For debugging description below, it is assumed you are using root NFS mount so when you rebuild the code it is available on the target. The steps are similar for other configurations, but you need to get the update d executable being debugged on the target hardware each time your rebuild the application.
Create SDK application directory
For the description below, DEVDIR is set to your development directory path and the name of the application being created is ticker. Run the following commands to get an SDK application directory populated.
cd $DEVDIR/myapps mkdir ticker cp hello/Config hello/Makefile ticker cp hello/hello.c ticker/ticker.c
Edit the files in the ticker directory to rename from hello to ticker. In the Makefile, enter the following lines after the include statement, if they are not already there:
CFLAGS += $(EXTRA_CFLAGS)
Verify the application builds correctly by issuing the make command.
cd $DEVDIR/myapps/ticker make
Create eclipse project
Launch eclipse and specify the DEVDIR directory as the eclipse workspace.

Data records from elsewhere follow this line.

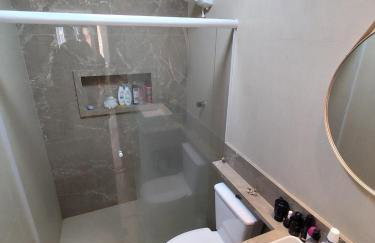 Casa de praia Guriri ES - piscina e churrasqueira - Foto 12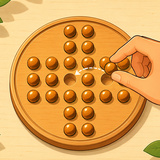 Peg Solitaire Puzzle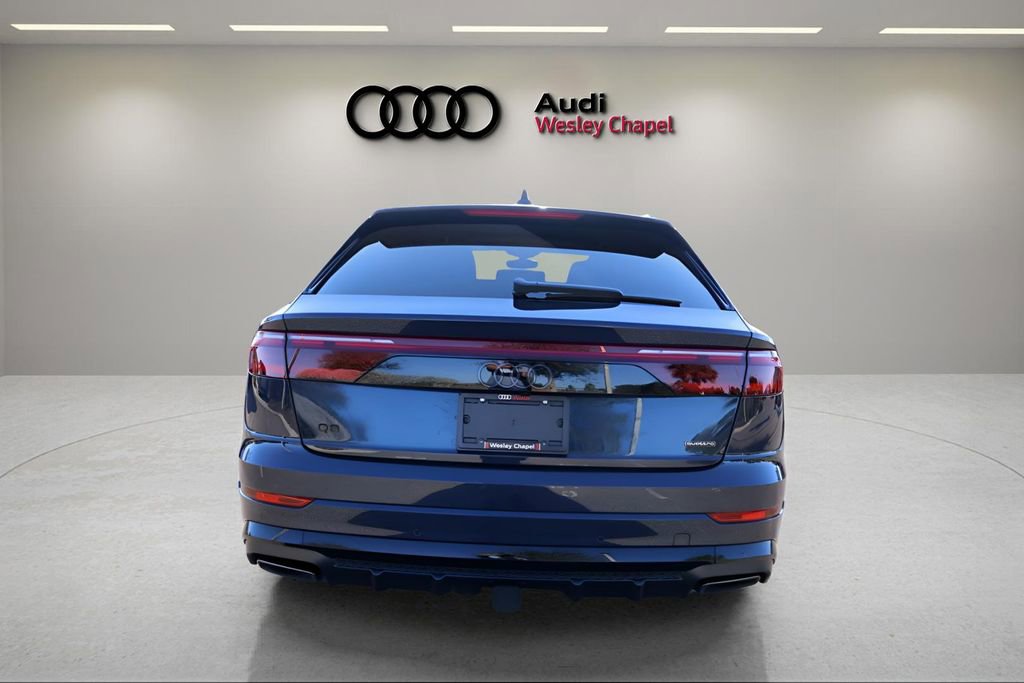 New 2026 Audi Q8 Premium Plus AWD/4WD image 4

Create the ticker project as follows (pressing Next and changing tabs as needed):
File -> New -> Project -> C -> Standard Make C Project <Next> Project name: ticker Location: <ticker directory> <Next> Make Builder Build (Incremental Build): build install EXTRA_CFLAGS+=-g \ EXTRA_CFLAGS+=-O0 EXTRA_CFLAGS+=-fno-omit-frame-pointer <Finish>
Note: the second EXTRA_CFLAGS above is capital letter 'O' followed by a zero '0'.

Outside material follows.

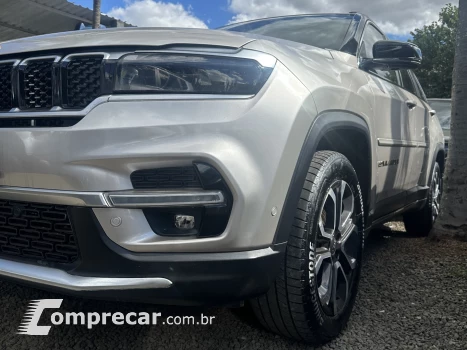 COMMANDER 1.3 T270 TURBO FLEX LIMITED AT6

Verify you can build the application from within Eclipse by issuing
Project -> Build All
Create debug configuration
To get remote gdb to work correctly, you need to create a debug configuration using the following steps:
- Create a gdbinit file on the base of your SDK with the following contents:
set solib-absolute-prefix <path to devdir>/fs/fs
This instructs gdb to search any library on the target's root file system at the host.
- Then configure Eclipse as follows:
Run -> Debug... Create,Manage, and run configurations C/C++ Local Application <double click> Name: ticker remote debug Project: ticker <Browse...> C/C++ Application: ticker <Search Project...> Debugger Debugger: gdbserver Debugger Debugger Options Main GDB debugger: /opt/RidgeRun/arm-eabi-uclibc/bin/arm-linux-gdb GDB Command set: Standard (Linux) GDB command file: <Select the previously generated gdbinit file> Verbose console mode: do not check unless you want to debug the gdb connection, this option slows down the responsiveness of the debugger Connection TCP IP address: <target IP address> Port number: 2345
The host path to the GDB dependings on the toolchain you have installed. You can check in:
As describe previously, start gdbserver on the target hardware:
cd /examples # or where every your application is installed gdbserver host_address:2345 ./ticker
Connect to gdbserver
All that is left is to press the Debug button to start debugging.
If everything worked correctly, you will see the ticker.c file displayed with a blue arrow pointing to main() indicating that program counter hit a breakpoint at main(). You can now debug.
If you see the error “Target selection failed” they means the networking parameters on the gdbserver line or in the Eclipse debug configuration are incorrect. Try to establish a telnet session to make sure the desktop and target can exchange TCP packets.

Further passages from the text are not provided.